[ABOUT THIS TASK]
Each entry below should be restated word for word, without any picture it contains.

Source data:
-- Opening Marker --

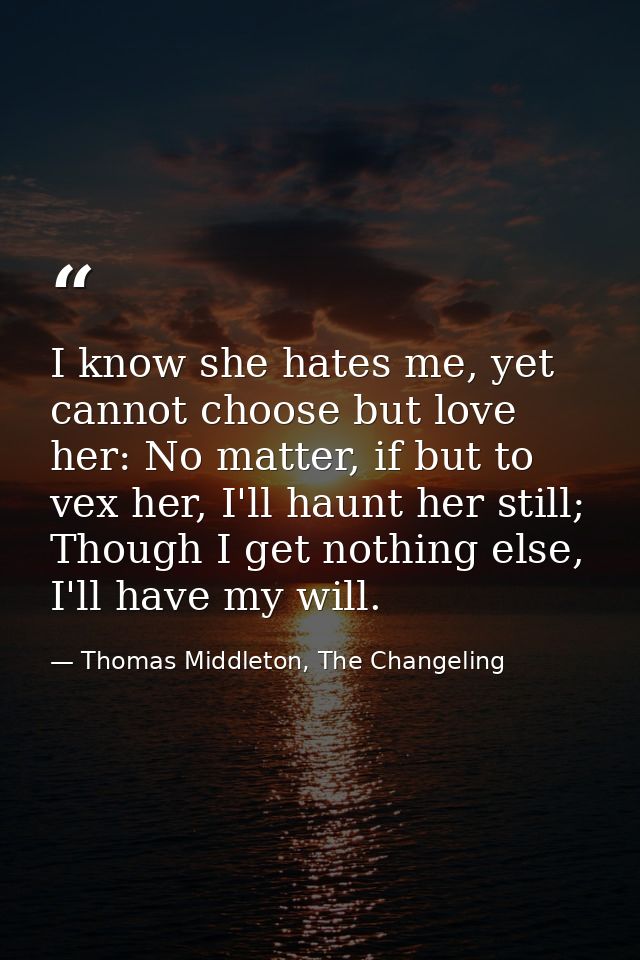 I know she hates me, yet cannot choose but love her: No matter, if but to vex her, I'll haunt her still; Though I get no — Thomas Middleton, The Changeling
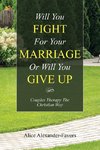 Will You Fight for Your Marriage or Will You Give Up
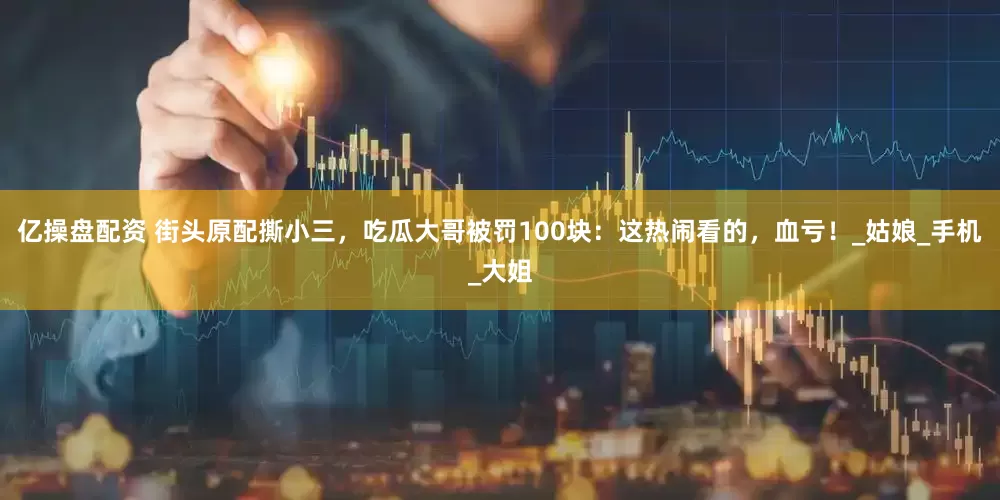 亿操盘配资 街头原配撕小三，吃瓜大哥被罚100块：这热闹看的，血亏！_姑娘_手机_大姐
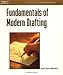Fundamentals of Modern Drafting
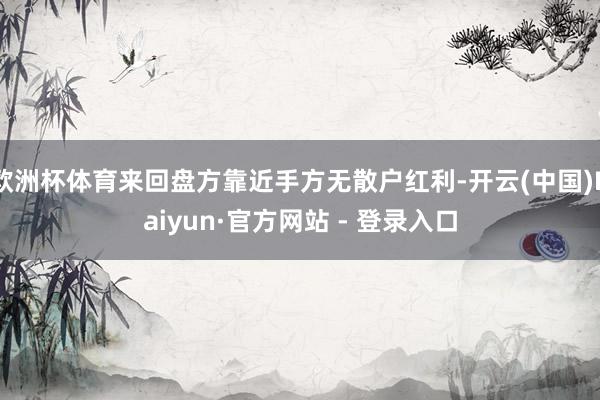 欧洲杯体育来回盘方靠近手方无散户红利-开云(中国)Kaiyun·官方网站 - 登录入口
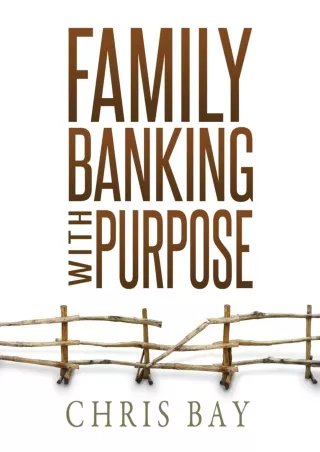 Download Book [PDF] Family Banking with Purpose: A Story About Financial Freedom Through Infinite Banking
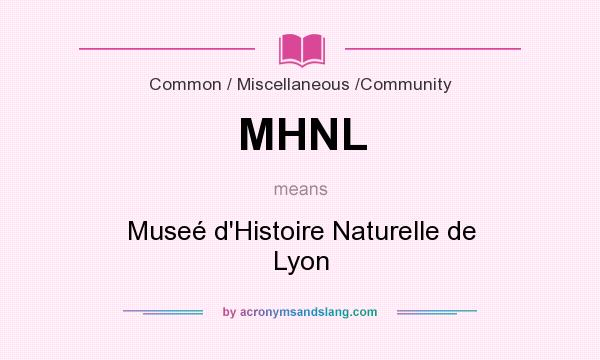 What does MHNL mean? It stands for Museé d`Histoire Naturelle de Lyon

-- Closing Marker --

[ANSWER SPACE]
 I know she hates me, yet cannot choose but love her: No matter, if but to vex her, I'll haunt her still; Though I get no — Thomas Middleton, The Changeling
 Will You Fight for Your Marriage or Will You Give Up
 亿操盘配资 街头原配撕小三，吃瓜大哥被罚100块：这热闹看的，血亏！_姑娘_手机_大姐
Fundamentals of Modern Drafting
 欧洲杯体育来回盘方靠近手方无散户红利-开云(中国)Kaiyun·官方网站 - 登录入口
 Download Book [PDF] Family Banking with Purpose: A Story About Financial Freedom Through Infinite Banking
 What does MHNL mean? It stands for Museé d`Histoire Naturelle de Lyon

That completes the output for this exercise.